> _YOUR ASSIGNMENT_: Omit all pictures and transcribe only the lines in the entries below that run from the line with "Used 2022 Jeep" through the line with "Dukung Berfungsinya Pasar".

> _GIVEN RECORDS_:

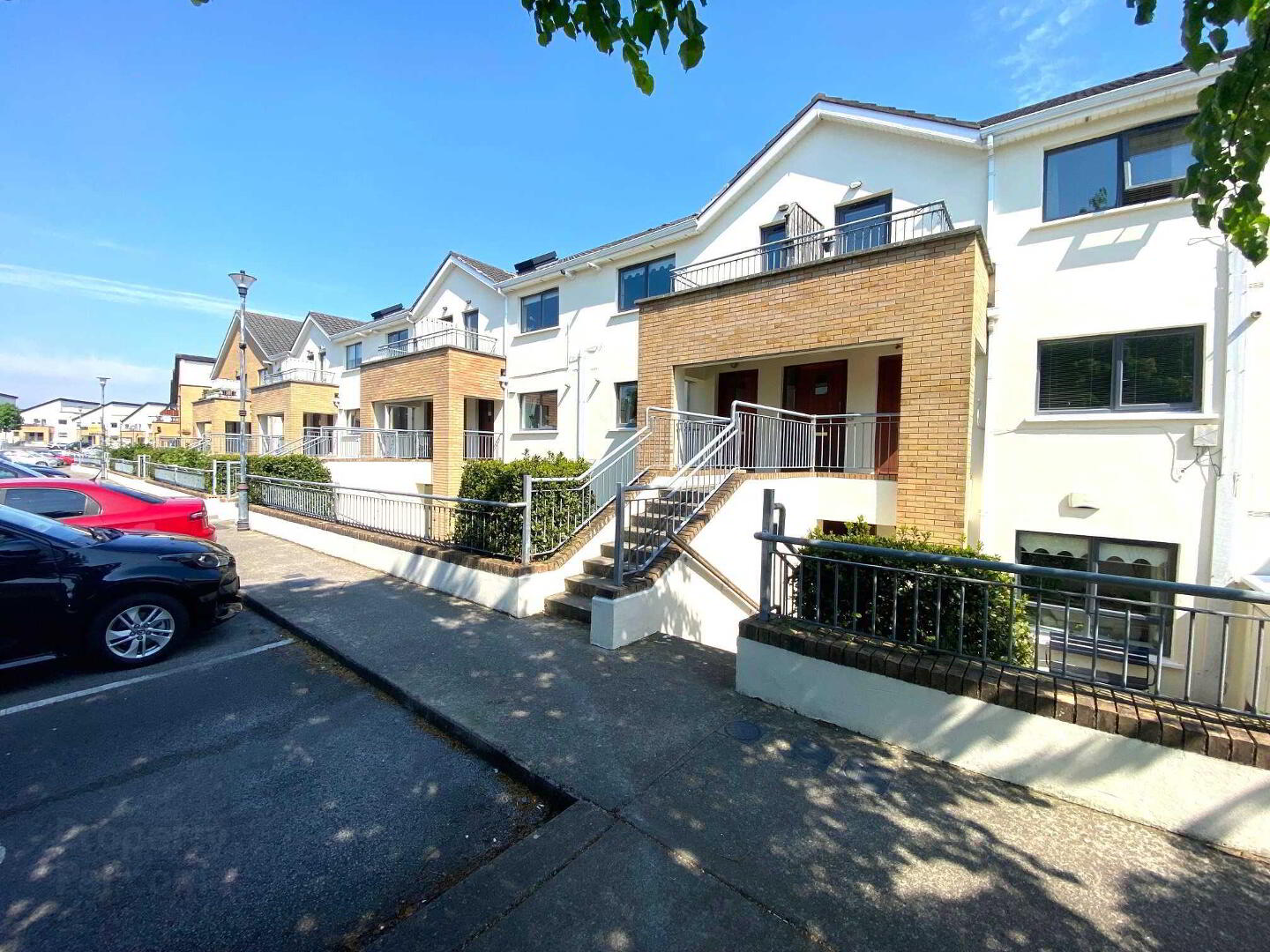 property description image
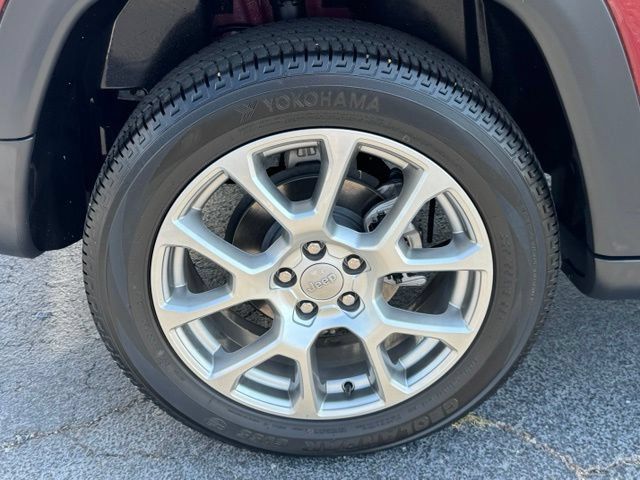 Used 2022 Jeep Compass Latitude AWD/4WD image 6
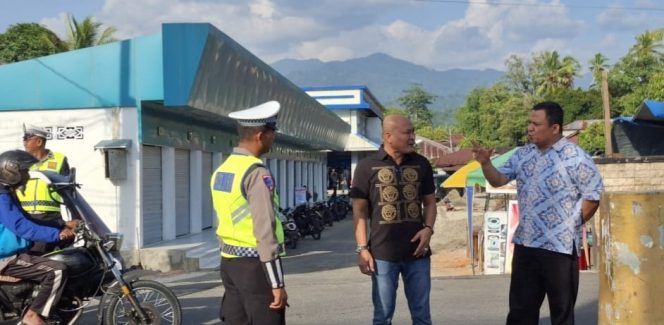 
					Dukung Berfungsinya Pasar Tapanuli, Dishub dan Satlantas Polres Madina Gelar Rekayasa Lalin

* * *

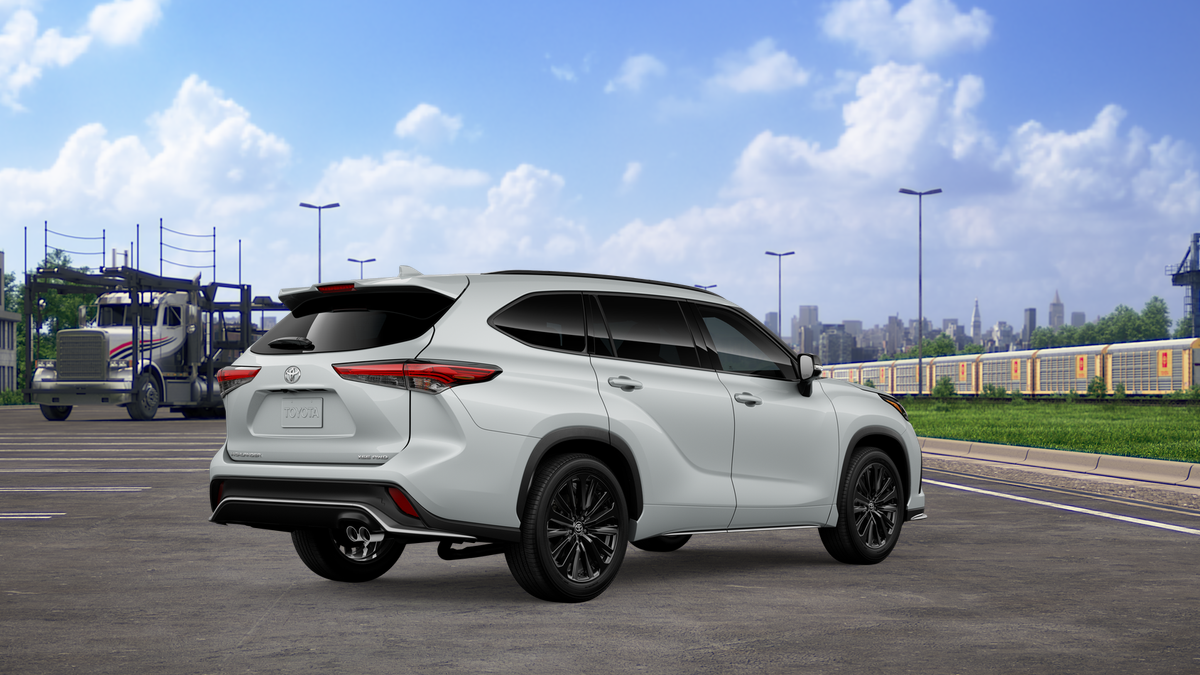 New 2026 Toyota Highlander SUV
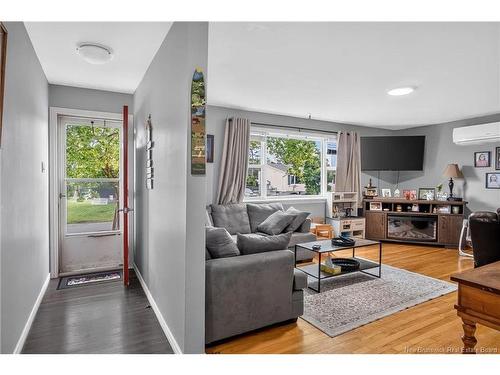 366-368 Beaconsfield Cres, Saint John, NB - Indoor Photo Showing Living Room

> _WRITTEN SOLUTION_:
 Used 2022 Jeep Compass Latitude AWD/4WD image 6
					Dukung Berfungsinya Pasar Tapanuli, Dishub dan Satlantas Polres Madina Gelar Rekayasa Lalin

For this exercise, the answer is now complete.